斎藤憲広(さいとう・のりひろ) ?〜?

上野国の国人領主。斎藤憲次の子。通称は越前太郎入道。越前守。一岩斎と号す。上野国吾妻郡岩櫃城主。
はじめ関東管領・上杉憲政に属し、天文21年(1552)に憲政が長尾景虎(のちの上杉謙信)を頼って上野国から没落したのちも、長野業政らと共に上杉氏残党として所領を維持し、永禄3年(1560)の上杉謙信による関東出陣(越山:その1)にも上杉方として参陣している。
永禄年間初期には近隣の土豪を従え、上野国吾妻郡の全域を制圧する勢いであった。しかし永禄3年(1560)に縁戚関係にある羽尾城主・羽尾幸全と武田信玄麾下で鎌原(かんばら)城主・鎌原幸重の抗争が起こるとこれに介入した結果、鎌原氏を支援する武田家臣・真田幸隆による西上野への侵攻を招くこととなる。

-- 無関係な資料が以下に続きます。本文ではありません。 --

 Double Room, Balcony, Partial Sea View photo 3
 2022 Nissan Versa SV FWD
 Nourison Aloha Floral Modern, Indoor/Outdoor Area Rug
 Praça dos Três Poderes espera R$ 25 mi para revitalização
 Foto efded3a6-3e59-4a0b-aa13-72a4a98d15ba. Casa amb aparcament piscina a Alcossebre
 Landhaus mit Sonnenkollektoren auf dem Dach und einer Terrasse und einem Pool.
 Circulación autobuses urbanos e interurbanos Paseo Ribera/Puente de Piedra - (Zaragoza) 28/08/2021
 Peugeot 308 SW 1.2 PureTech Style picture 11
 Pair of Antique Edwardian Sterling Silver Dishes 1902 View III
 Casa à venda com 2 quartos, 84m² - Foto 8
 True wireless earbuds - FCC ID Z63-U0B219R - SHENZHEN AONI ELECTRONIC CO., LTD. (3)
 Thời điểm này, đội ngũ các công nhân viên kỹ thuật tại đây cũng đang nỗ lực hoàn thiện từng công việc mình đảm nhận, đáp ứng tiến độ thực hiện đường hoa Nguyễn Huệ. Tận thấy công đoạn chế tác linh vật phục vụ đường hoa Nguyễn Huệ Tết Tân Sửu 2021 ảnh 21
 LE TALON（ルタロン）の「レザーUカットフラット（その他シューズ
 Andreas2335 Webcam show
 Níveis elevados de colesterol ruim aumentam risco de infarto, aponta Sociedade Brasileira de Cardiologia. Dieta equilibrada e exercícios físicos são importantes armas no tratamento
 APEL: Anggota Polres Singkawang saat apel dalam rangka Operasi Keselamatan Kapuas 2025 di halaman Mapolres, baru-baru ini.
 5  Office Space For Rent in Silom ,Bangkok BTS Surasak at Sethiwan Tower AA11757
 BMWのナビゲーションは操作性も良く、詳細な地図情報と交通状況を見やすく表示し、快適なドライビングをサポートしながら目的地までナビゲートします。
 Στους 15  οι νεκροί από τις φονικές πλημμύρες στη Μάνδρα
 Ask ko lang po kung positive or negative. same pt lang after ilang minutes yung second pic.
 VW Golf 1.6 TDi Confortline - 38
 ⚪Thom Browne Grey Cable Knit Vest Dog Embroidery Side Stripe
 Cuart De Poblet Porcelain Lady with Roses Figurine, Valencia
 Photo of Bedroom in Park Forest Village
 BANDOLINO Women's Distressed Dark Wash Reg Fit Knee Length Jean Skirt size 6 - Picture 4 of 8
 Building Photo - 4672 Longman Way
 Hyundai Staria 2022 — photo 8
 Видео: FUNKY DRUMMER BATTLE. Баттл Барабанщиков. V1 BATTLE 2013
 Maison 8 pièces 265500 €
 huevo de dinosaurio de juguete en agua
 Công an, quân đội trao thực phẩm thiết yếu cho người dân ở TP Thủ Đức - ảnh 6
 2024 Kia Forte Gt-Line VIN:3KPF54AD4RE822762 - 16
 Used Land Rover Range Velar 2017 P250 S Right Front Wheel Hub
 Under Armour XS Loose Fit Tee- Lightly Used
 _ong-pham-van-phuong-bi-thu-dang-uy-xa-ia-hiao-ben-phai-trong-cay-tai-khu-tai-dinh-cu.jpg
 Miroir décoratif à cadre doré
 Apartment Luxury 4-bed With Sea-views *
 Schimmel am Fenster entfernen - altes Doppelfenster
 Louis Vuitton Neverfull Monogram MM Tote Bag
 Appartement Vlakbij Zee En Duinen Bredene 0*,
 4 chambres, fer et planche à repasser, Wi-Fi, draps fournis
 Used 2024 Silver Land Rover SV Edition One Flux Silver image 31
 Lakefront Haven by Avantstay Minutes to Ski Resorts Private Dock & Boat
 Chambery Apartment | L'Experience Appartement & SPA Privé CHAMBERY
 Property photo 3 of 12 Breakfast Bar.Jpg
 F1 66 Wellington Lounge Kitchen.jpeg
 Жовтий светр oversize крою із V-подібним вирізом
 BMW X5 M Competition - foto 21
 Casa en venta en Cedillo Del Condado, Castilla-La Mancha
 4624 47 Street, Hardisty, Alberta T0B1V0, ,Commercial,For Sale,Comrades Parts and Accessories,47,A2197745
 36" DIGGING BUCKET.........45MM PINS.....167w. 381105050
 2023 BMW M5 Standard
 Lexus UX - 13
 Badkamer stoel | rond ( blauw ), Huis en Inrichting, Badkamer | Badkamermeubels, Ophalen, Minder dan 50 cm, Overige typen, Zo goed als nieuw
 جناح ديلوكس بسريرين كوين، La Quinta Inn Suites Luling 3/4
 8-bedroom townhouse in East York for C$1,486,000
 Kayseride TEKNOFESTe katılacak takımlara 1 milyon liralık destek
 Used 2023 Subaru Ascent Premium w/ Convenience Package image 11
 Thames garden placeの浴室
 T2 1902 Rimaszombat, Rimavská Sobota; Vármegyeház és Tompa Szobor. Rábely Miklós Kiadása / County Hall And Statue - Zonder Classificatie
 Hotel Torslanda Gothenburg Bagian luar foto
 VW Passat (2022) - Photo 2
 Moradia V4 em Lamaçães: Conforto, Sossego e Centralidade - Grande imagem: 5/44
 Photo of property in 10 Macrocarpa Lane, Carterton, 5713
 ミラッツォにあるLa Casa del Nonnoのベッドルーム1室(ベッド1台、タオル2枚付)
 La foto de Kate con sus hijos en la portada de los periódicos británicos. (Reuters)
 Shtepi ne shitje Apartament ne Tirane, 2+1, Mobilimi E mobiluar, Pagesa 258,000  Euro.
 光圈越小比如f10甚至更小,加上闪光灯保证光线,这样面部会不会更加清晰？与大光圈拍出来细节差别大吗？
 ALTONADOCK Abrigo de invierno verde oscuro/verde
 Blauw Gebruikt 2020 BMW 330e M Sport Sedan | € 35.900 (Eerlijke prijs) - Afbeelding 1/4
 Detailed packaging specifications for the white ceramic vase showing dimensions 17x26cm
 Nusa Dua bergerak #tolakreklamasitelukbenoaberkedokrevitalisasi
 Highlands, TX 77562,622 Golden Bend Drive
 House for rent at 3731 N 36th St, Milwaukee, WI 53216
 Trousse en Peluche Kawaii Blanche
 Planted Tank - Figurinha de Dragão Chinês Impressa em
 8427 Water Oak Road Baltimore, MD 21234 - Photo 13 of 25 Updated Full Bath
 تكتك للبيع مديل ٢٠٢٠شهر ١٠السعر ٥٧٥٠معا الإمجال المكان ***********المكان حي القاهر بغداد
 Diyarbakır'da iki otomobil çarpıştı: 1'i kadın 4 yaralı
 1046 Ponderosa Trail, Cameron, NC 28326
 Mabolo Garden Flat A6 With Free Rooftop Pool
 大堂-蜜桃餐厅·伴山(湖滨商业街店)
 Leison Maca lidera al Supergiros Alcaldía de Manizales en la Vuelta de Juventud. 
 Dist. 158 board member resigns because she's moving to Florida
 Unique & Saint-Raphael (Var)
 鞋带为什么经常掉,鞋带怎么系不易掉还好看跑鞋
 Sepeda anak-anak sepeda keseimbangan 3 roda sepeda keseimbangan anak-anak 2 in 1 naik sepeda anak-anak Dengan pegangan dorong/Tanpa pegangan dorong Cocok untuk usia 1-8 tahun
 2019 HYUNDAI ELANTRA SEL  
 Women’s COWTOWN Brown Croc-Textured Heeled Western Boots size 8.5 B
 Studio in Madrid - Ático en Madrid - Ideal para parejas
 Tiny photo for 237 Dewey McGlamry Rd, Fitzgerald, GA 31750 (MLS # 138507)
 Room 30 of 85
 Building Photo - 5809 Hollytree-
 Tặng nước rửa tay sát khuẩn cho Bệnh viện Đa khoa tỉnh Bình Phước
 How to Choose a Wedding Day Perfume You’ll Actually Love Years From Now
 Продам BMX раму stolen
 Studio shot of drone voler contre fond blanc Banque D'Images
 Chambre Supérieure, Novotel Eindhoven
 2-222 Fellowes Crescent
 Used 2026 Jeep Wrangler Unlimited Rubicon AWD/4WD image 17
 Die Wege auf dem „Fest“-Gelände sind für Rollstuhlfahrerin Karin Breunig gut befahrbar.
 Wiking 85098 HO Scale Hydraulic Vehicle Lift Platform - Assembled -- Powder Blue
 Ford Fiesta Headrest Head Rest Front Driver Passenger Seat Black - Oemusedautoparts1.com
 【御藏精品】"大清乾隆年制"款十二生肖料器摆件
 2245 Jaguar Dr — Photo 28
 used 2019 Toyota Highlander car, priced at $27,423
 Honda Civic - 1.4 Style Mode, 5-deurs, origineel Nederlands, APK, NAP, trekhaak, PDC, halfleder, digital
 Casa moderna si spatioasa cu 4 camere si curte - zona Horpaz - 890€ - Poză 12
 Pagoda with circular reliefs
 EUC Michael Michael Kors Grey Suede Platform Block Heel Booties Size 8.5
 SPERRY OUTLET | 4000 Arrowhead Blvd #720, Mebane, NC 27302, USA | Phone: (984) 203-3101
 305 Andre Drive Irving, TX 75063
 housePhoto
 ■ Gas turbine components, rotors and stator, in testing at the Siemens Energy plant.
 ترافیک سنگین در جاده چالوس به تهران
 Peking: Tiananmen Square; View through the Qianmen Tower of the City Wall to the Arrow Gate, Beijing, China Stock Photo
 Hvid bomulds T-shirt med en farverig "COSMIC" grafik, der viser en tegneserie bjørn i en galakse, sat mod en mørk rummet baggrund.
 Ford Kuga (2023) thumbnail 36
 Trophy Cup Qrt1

憲広は上杉謙信の援けを得て永禄6年(1563)9月に武田勢力で幸隆の弟・常田(ときた)俊綱の拠る長野原城を奪っているが、10月14日に岩櫃城が真田勢の攻撃を受けて落城すると嶽山城に逃れた。しかしこの嶽山城も永禄8年(1565)末頃に陥落し、嫡男の憲宗と共に越後国に逃れた。